Coca-Cola is going white this holiday season.

After 125 years of identifying the iconic brand with red, the Atlanta-based company will begin next month stocking 1.4 billion cans featuring a family of polar bears -- a mom and two cubs -- against a white and gray background of sky and snow. The brand's famous red script will run across the can's top.

The change, which runs through March, is part of Coke's partnership with the World Wildlife Fund to preserve habitats for polar bears, Coke's holidays mascot since 1922,  in Canada and Greenland. The beverage giant also will donate $2 million to the preservation effort and ask Coke fans to donate $1 to the WWF for the cause. Coke will match every dollar donated up to $1 million.

"We are real excited to hear what people have to say about these new cans," said Katie Bayne, president and general manager of the sparkling division for Coke North America. "It's really one of the biggest holiday platforms that we have ever put into the marketplace."

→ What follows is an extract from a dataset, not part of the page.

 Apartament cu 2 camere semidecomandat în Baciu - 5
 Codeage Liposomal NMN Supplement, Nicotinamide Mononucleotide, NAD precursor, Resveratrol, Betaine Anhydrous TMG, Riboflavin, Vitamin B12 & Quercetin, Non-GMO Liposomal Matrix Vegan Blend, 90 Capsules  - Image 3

The move comes as the company slides into one of its biggest advertising seasons of the year -- the holidays -- and gives it an opportunity to mix goodwill with business.

"The Arctic Home campaign has big potential," said John Sicher, publisher and editor of Beverage-Digest. "It is dramatic, in that Coke is changing the color of its cans, and impactful packaging is an important marketing tool in the beverage business. Plus the campaign supports a worthy cause, making people feel good about the brand."

Suzanne Apple, the WWF's vice president of business and industry, said Coke's support gives the group exposure it could never generate on its own.

"We don't have the ability to reach the kind of customer Coke can," she said. "That is absolutely the magic of this partnership."